Stories About Famous Precious Stones. Adela E. Orpen
Having brought the diamond to Europe we no longer deal vaguely, but are instantly face to face with an exact date.
"We learn from Amsterdam that Prince Orloff made but one day's stay in that city where he bought a very large brilliant for the Empress his sovereign, for which he paid to a Persian merchant the sum of 1,400,000 florins Dutch money."
So says a gossipy letter dated January 2, 1776; and as further we are informed of the value of the "florins Dutch money" in English pennies, we learn that the price paid to the "complete old scoundrel" of a Khojeh Raphael was one hundred thousand pounds ($500,000). The Prince Orloff mentioned in the letter is no other than Gregory, the favorite of Catharine II., a man of such singular fortunes that a few words may well be spared to him.
Orloff's grandfather first came into notice in an extraordinary manner. In 1698, when Peter the Great barely escaped assassination at the hands of his body-guard, the renowned Strelitz, he resolved to destroy the corps altogether. This he performed effectually by cutting off their heads by scores and hundreds. The Czar aided in this bloody work with his own hand and decapitated many of his mutinous soldiers on a big log of wood. One young fellow, Jan nicknamed Orell (eagle), annoyed at finding the severed head of a comrade exactly in the spot where he had decided to lay his own neck, kicked it aside with the remark, "If this is my place I want more room." The Czar, delighted with the congenial brutality of the observation, pardoned the soldier and gave him a post in his new regiment of guards.

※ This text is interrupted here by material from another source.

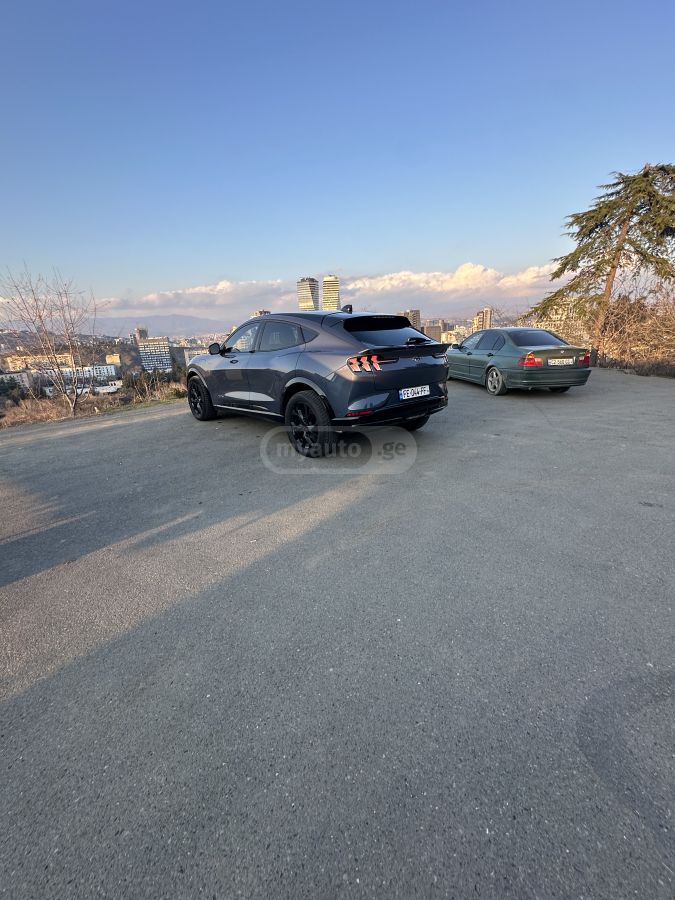 Ford Mustang Mach-E - фото 9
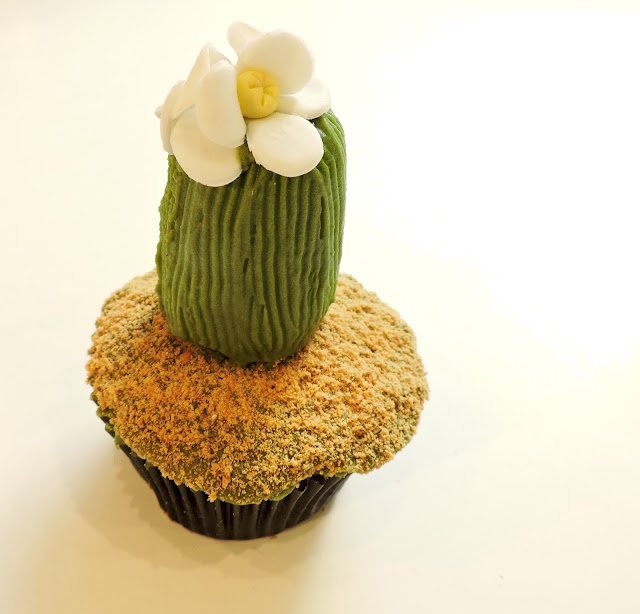 cupcake cactus flor blanca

Slightly altering his nickname "Orell" into "Orloff," the respited victim founded a family destined to become renowned in Russian history. His son was taken into the ranks of the nobles, and his famous grandson Gregory, born in 1734, became a soldier early in life. Gregory Orloff was a man of ability, but his fortune was undoubtedly due to his personal beauty. He was tall and handsome with a well-earned reputation for audacious courage, always alluring to the mind of a woman. His first appearance in the world of fashion reflects little credit upon him and still less upon the Russian society in which he lived. He was on the point of being sent to Siberia to think over his misdeeds at his leisure, when a hand was extended to him which afterward raised him almost to the summit of human greatness. The Grand Duchess Catharine interested herself on his behalf and rescued him from Siberia. Orloff rapidly advanced in her favor, and it may have been he who first inspired her with the boundless ambition which he afterwards aided her in gratifying.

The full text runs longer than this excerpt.